We have two lab spaces located at 201 AJM Johnson Hall and 205 CFT-5 Building on MSU's main campus in Bozeman, MT. Our facilities include a two bedroom sleep lab fully equipped with polysomnography, private bathrooms, showers, a kitchen, and office and conference space. We also have a separate lab space with a comfortable apartment style living area and mini-kitchen for sleep deprivation studies and space for behavioral assessments. We have games, toys, and entertainment (TV, movies, iPad games) available for families, children, and siblings during assessments. We also have free parking available for participating families, and meals and snacks are typically provided during overnight stays.

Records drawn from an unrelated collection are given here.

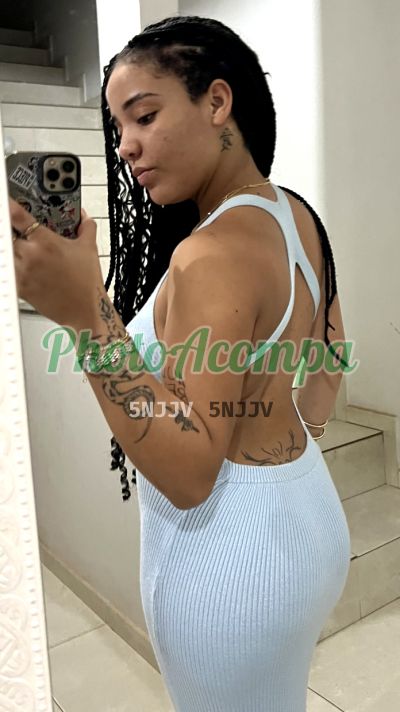 Capa do perfil de Carol Ávila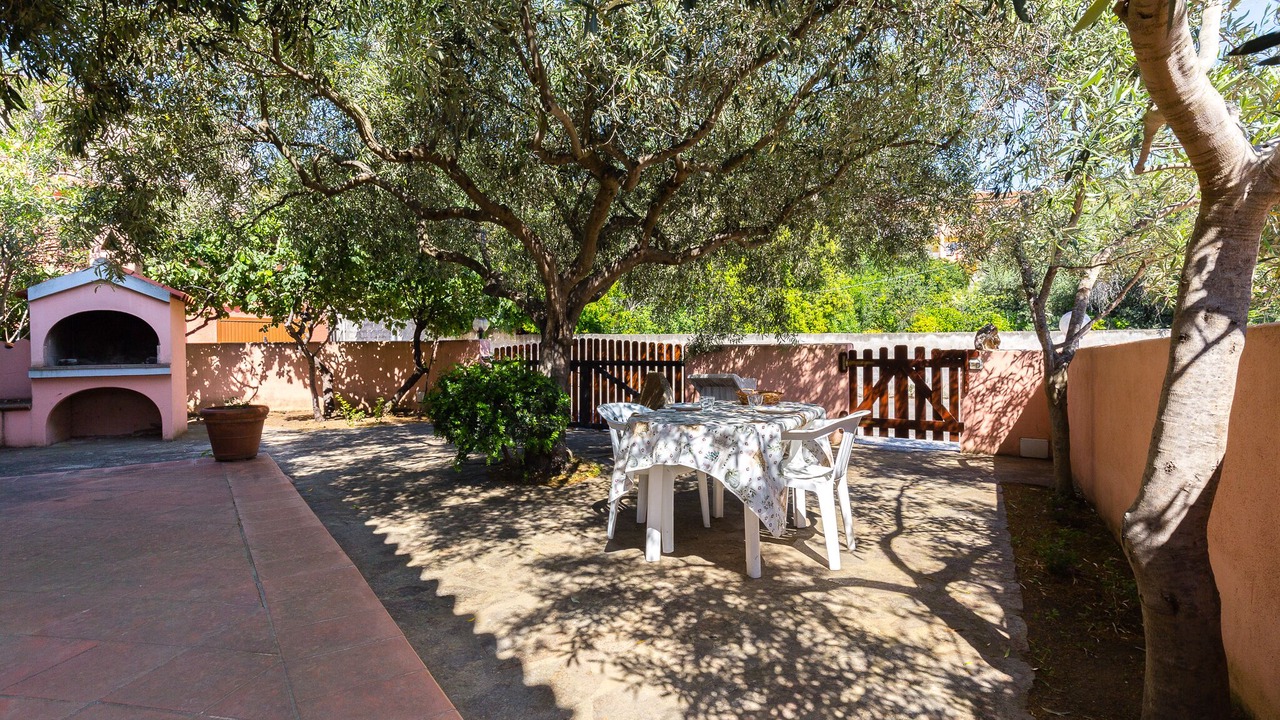 Photo of Outdoor in Agrustos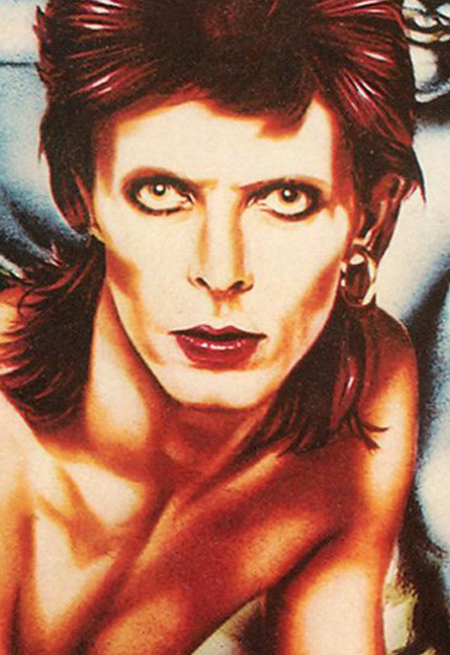 Das Bild zeigt David Bowie.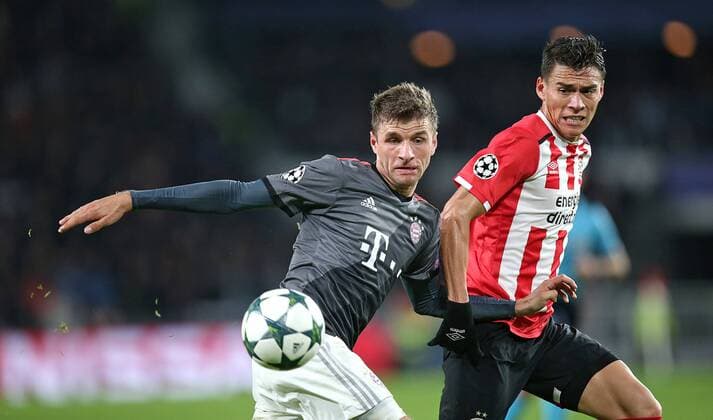 01.11.2016, Fussball Champions-League 2016 2017, Vorrunde 4.Spieltag, PSV Eindhoven - FC Bayern München, im Philips-Stadion Eindhoven (Holland). v.l. Thomas Müller (Bayern München) gegen Hector Moreno (PSV Eindhoven) 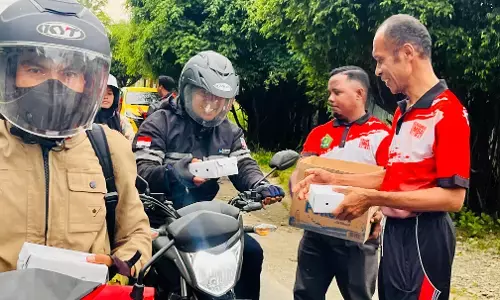 Takjil gratis dari Kemenag Kabupaten Jayapura diserbu masyarakat pengguna jalan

Our lab is fully equipped with Philips and Ambulatory Monitoring actigraphy watches to measure objective sleep patterns, and our lab space includes polysomnography to conduct both attended in-lab (Natus Embla NDx) or unattended full ambulatory sleep studies (SOMNO HD, Somnomedics). Our assessment space also includes a room equipped for behavioral and psychophysiological testing, including audio and video recording, and a Biopac MP150 wireless system to record measures such as heart rate, respiration, cardiac impedance, and electrodermal activity from individuals or during dyadic interaction tasks. Through a collaboration with MSU's Center for Mental Health Research and Recovery, some of our research also includes assessments of daytime EEG patterns (ATLAS Neurophysiology System, Neuralynx).